At some point, every business comes across clients who don’t settle their invoices on time.
Whether it’s a case of “can’t pay” or “won’t pay”, the effect is the same: a disruptive and potentially damaging interruption to cash flow.
Midlands law firm Else are debt recovery experts in every kind of scenario. The best way to deal with debts depends on the nature of your business, the type of customers you have and the relationship you have with them.
Our debt recovery solicitors in Burton on Trent, will ensure that the right kind of action will be taken against your debtor – and as soon as possible.
Here are our five steps to debt recovery:
Step One – Withhold Your Services.
The first step when dealing with a debtor is to stop, or at least threaten to stop providing any further goods or services until they pay. Believe it or not, this works in a lot of cases.
Step Two – Take Quick Action.
If withholding your services doesn’t work and the debtor is not responding to emails, letters, or numerous phone calls, you may need to take alternative measures.
It could be that your customer is having financial problems. If this is the case, we would advise you to take action quickly. Fast action can help you to ensure that you get paid before other creditors. Leave it too late, and there may not be any money left.
Step Three – Claim Late Payment Compensation.
It is worth remembering that if an invoice is overdue, you are entitled to claim compensation under the Late Payment of Commercial Debts Act. You can also claim interest for the overdue period at a rate of 8% pa above the Base Rate.
Pointing this out to customers can act as a lever to get them to pay.
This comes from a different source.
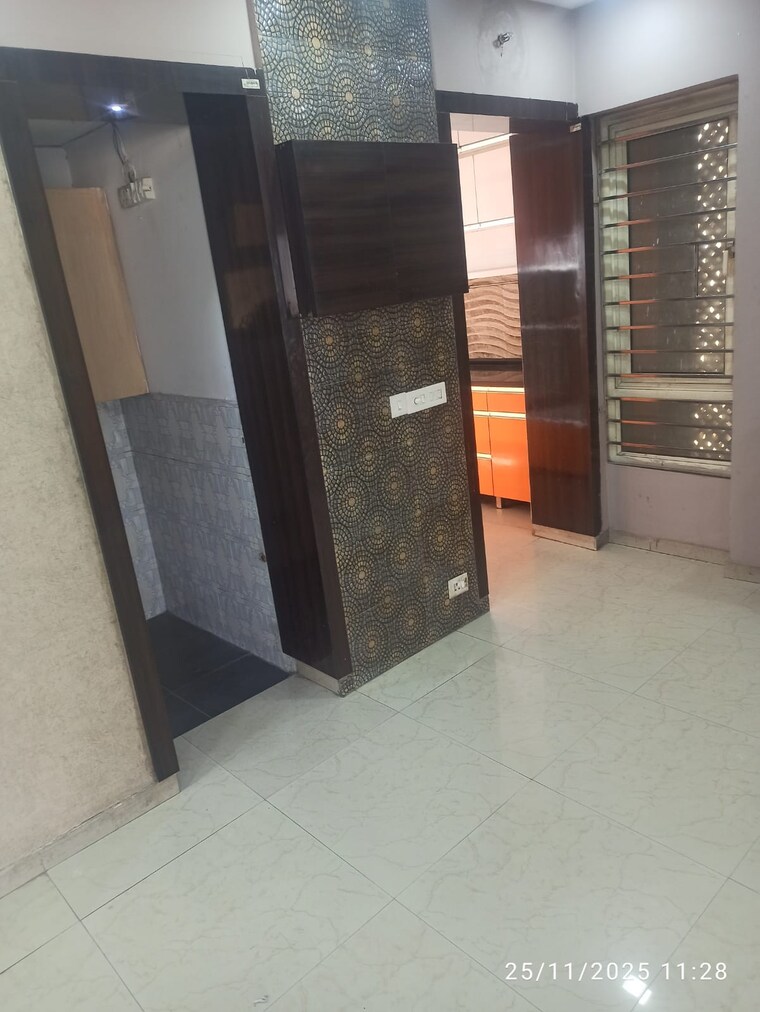 Room, spr-imperial-estate 3 Bedroom 1403 Sq.Ft. Apartment In Sector 82 Faridabad 9550877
Including it in your terms and conditions is a good idea to establish this from the outset: it can help ensure clients remember to clear their invoices before they become overdue.
Step Four – Begin Legal Proceedings.
If you still haven’t been paid, then you can go down the legal route in order to secure a County Court Judgment (often referred to as a ‘CCJ’). If you win, you will be able to claim costs, including the court fees.
The first stage in this process is to issue a Letter Before Action (LBA). This gives the client a final opportunity to pay, with a date by which they must settle. If they do not meet this payment date, the next step is to begin County Court proceedings.
Step Five – Know Your Rights.
The debtor has 14 days to acknowledge that the papers have been served to them. If they fail to do so, YOU can ask the court to grant a Judgment in Default. If they do respond, this may be to either defend the claim, admit that they owe the debt or they can part admit and part defend the claim.
If they file an acknowledgment of service with the court this allows them a further 14 days to file their response, or again you can request Judgment in Default.
A Judgment in Default means that your customer will go on record has having a CCJ against them. This will have a negative effect on their credit ratings.
Once a CCJ has been issued, you will have some choices.
In some circumstances you could take out a Third Party Debt Order (TPDO) which enables you to recover the money from a third party who is holding funds for the debtor, usually their bank.
Another option may be a Charging Order, which secures the debt against property.
Most common in the case of debts up to £5,000 is a Warrant of Execution, which allows bailiffs to attend the debtor’s premises on your behalf and seize goods to the value of the debt, which will be auctioned. If there is still outstanding balance the process will be repeated until the debt has been settled.